KJV Revelation 21:3-4 And I heard a great voice out of heaven saying, Behold, the tabernacle of God is with men, and He will dwell with them, and they shall be His people, and God Himself shall be with them, and be their God. (4)And God shall wipe away all tears from their eyes; and there shall be no more death, neither sorrow, nor crying, neither shall there be any more pain: for the former things are passed away.”
NASB Revelation 21:3-4 And I heard a loud voice from the throne, saying, “Behold, the tabernacle of God is among men, and He will dwell among them, and they shall be His people, and God Himself will be among them, (4) and He will wipe away every tear from their eyes; and there will no longer be any death; there will no longer be any mourning, or crying, or pain; the first things have passed away.”

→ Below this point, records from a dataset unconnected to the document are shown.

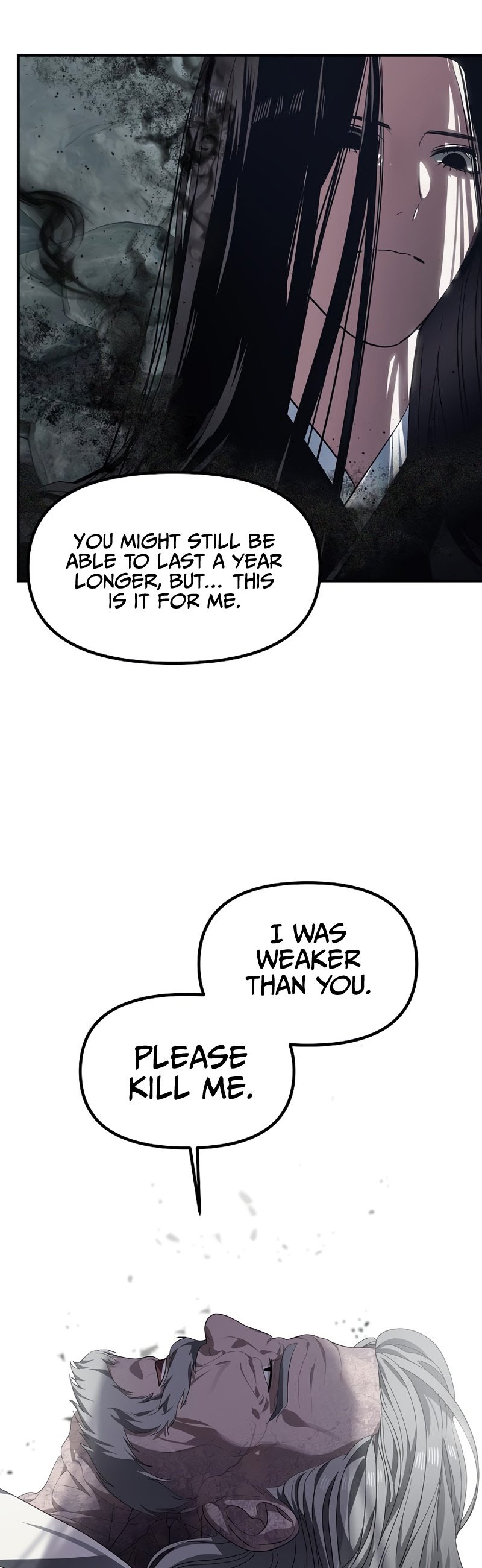 Read SSS-Class Revival Hunter Manga Online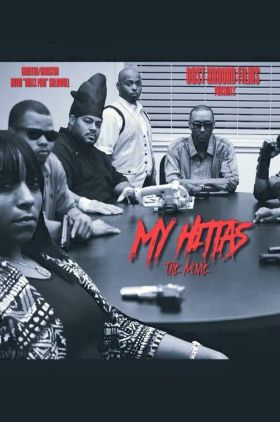 My Hittas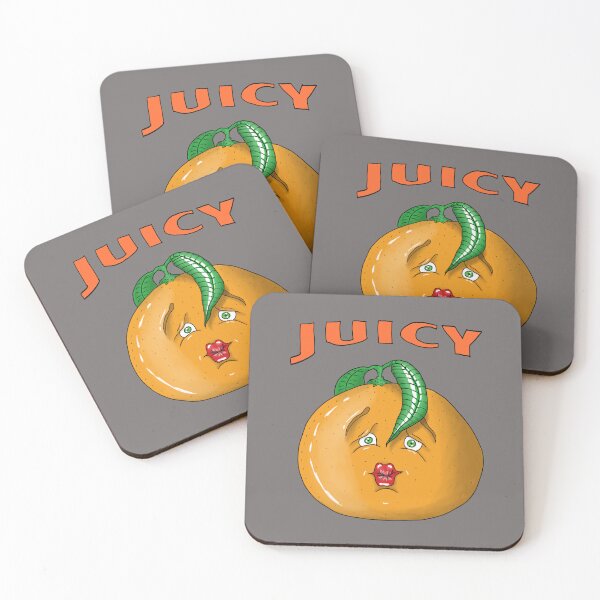 Item preview, Juicy Orange designed and sold by AyseAkcay.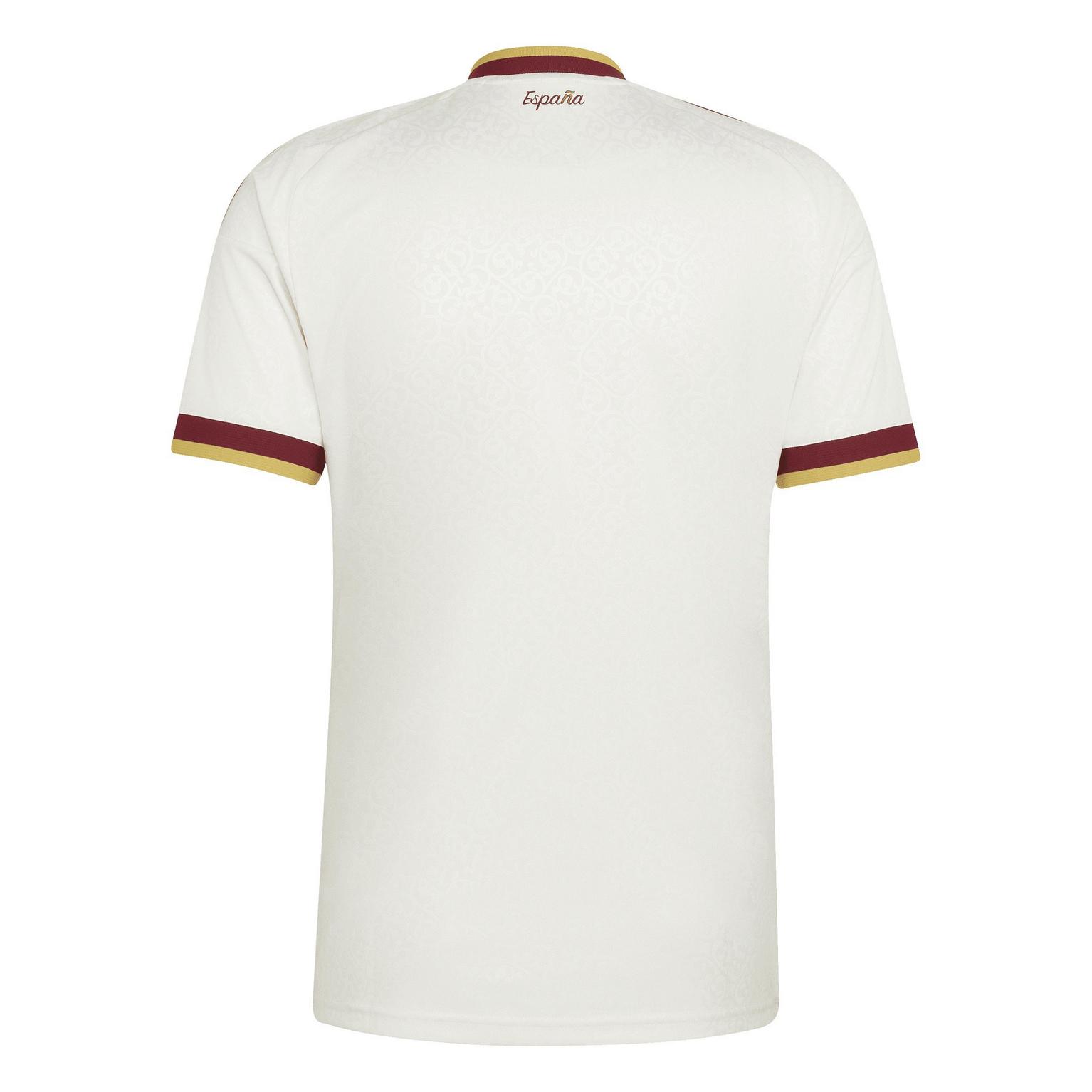  ADIDAS SPAIN 2026 AWAY JERSEY – Image 3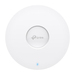 TP-Link Omada EAP613 draadloos toegangspunt (WAP) 1775 Mbit/s Wit Power over Ethernet (PoE) - Afbeelding 3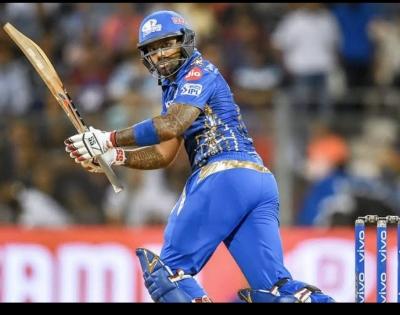 Yadav, Kishan: MI's unsung heroes in middle-order | Yadav, Kishan: MI's unsung heroes in middle-order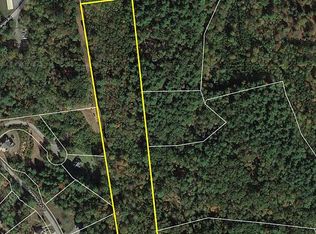 NC Hwy 268 #W, North Wilkesboro, NC 28697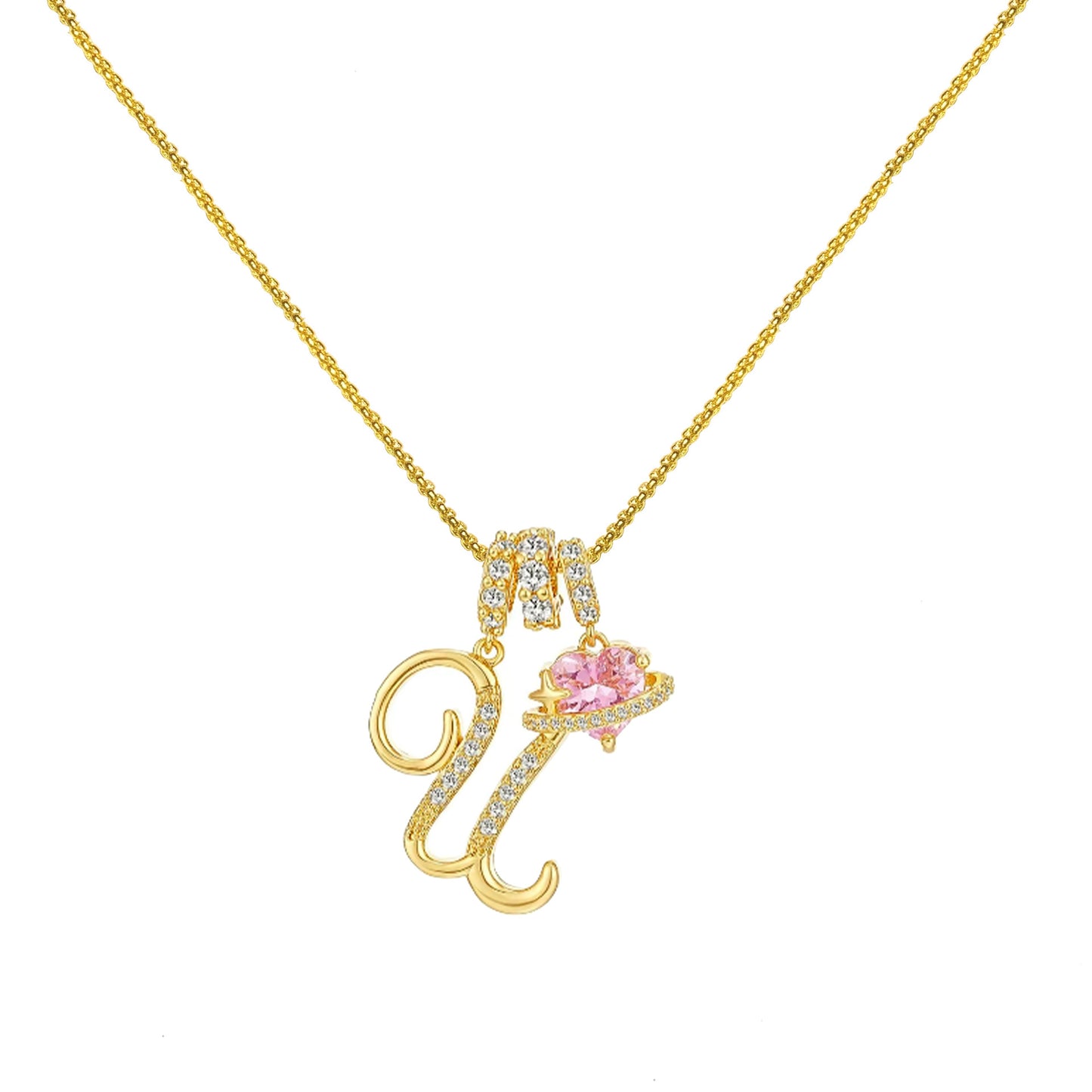 SOLENE™ Custom Necklace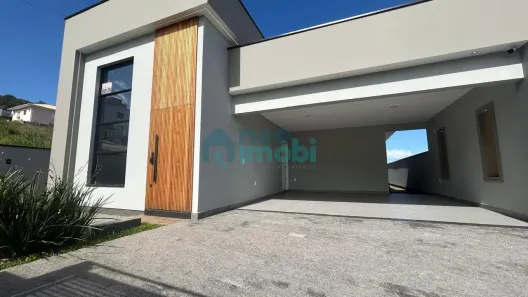 Casa com 3 Quartos à venda, 148m² no São Sebastião, Palhoça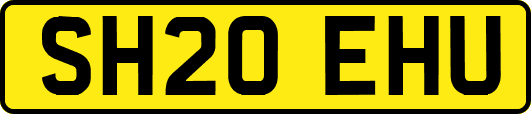 SH20EHU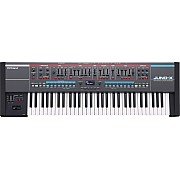 Roland JUNO X 61 Key Synthesizer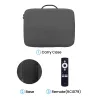 Projetor laser DLP de distância normal BenQ GV50p 1080p 500 ANSI lm, 16:9, 2,1 kg, 20.000 h
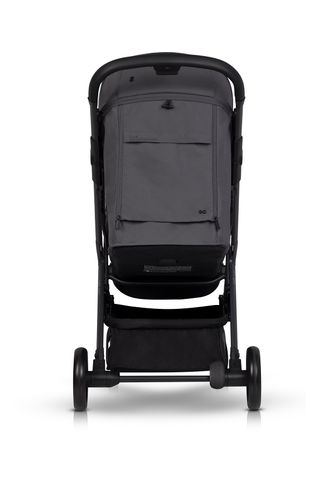 EASY GO Wózek dziecięcy HERO CLOUD GRAY na Arena.pl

Despite much ink being utilized to argue the meaning of many passages of the Revelation, there is relatively uniform agreement that Revelation 21 is a look at the eternal state—the Holy City, the New Jerusalem, the home of the Bride, and the “spirits of just men made perfect.”
The title of this city, the New Jerusalem, begs us to compare it with the old Jerusalem. Though John in Revelation never names the city as such, there is little hesitation to recognize the city described as Sodom and Egypt (Revelation11:8) as the Jerusalem that was.

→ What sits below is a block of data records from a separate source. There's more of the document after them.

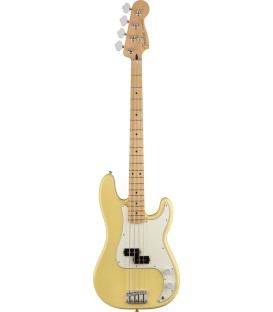 Bajo Fender Player Precision Bass MN BCR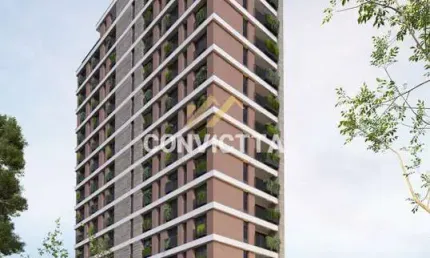 Apartamento com 3 quartos à venda no Rio Branco, Caxias do Sul 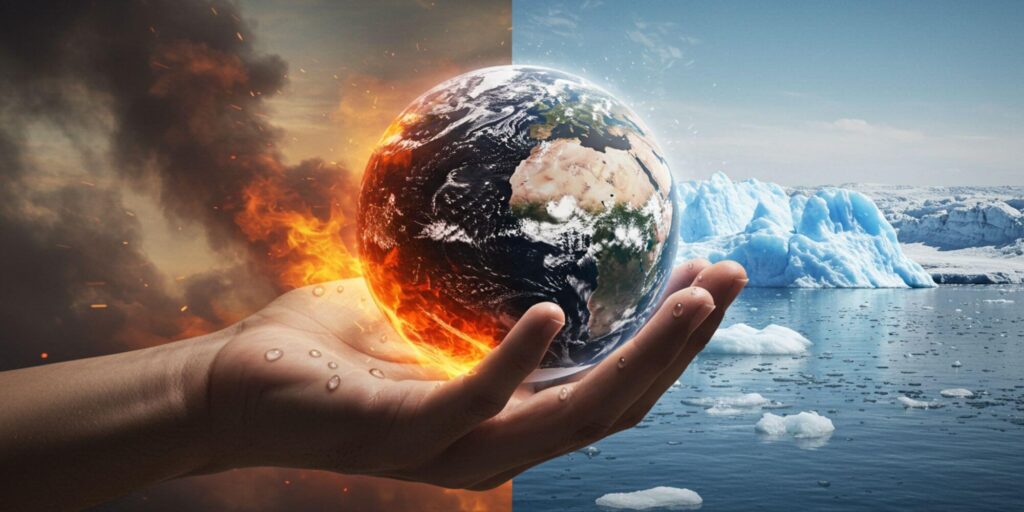 10 signs climate change is already affecting our planet dandan10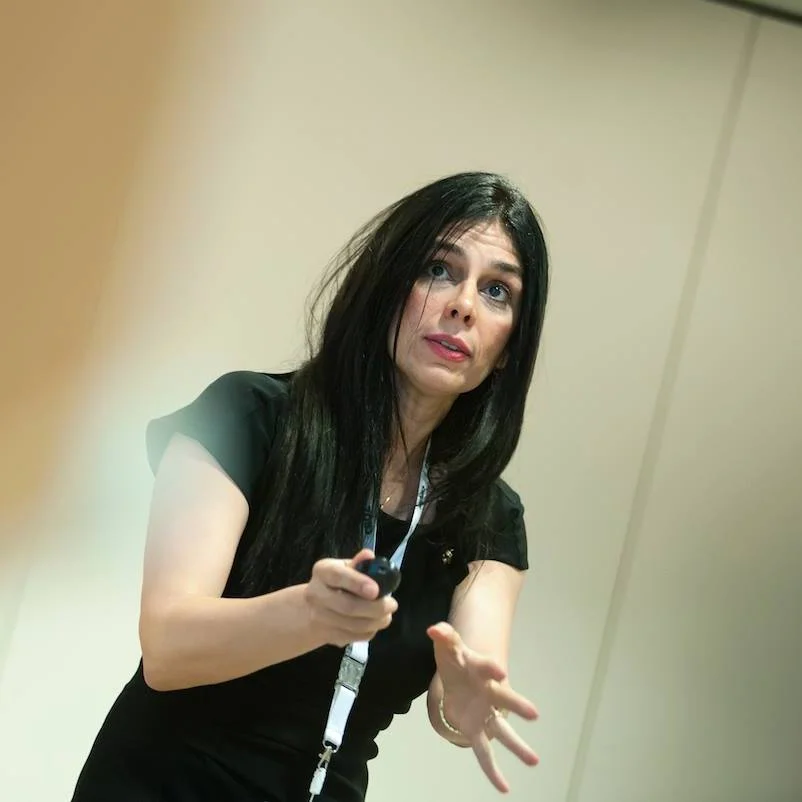 Intervju: Jasmina Nikolić – Budućnost edukacije je agilno obrazovanje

It was outside the city of Jerusalem that the Lord experienced suffering so that we might enter into the New Jerusalem, where all the very same things will be absent.
We are promised that God will be with us. On that hill outside the city, He knew, for the first time in all the ages of eternity, an interruption in the enjoyment of fellowship with God. He was forsaken that we might never be forsaken.
God will wipe away all tears from our eyes in that new city. Linked with the Jerusalem below was a Saviour who wept tears in Gethsemane (Hebrews 5:7). Never again will a tear flow from His eyes down His cheeks. But they were real tears shed in the Garden, tears that presaged a deeper grief and sorrow at the cross.
“No more death.” Death has been conquered! He took death as a weapon and rendered powerless the enemy who had used death as a scourge to keep men in fear (Hebrews 2:14,15). He died so that we might not endure the second death. He died that we might have a life that will never end, that will never see death.
As you read the promise, “no more sorrow,” you are transferred to the Garden and Luke’s account of His agony. But that was only in anticipation. “And He took with Him Peter and the two sons of Zebedee, and began to be sorrowful and very heavy” (Matthew 26:37). Thus, the Garden was only the beginning of His sorrows. Though His physical suffering was very real, it may be that His greatest sorrow lay in the fact that in rejecting Him, men were rejecting the Revelation of the Father He had provided. So great was His love for His Father that anything that dishonoured Him was of untold grief to the Son.
The “crying” of which our verse speaks is not that of weeping. It is a crying out, a shouting due to pain and suffering. He knew that on the cross. And what of the painless eternity we are promised?
"None of the ransomed ever knew how deep were the waters crossed."
There are no units to measure the depth of His pain and sorrow. He endured it in its entirety and immensity that we might never know it.
Finally, in verse 6, the promise of eternal satisfaction: “I will give unto him that is athirst …” He thirsted on the tree, outside the city, that when we enter in, we might never thirst again.
In the interests of complete transparency, this meditation was suggested by the ministry of another brother. I have “built upon another man’s foundation.”
Consider
How would you link “no more sea (v 1) with this meditation?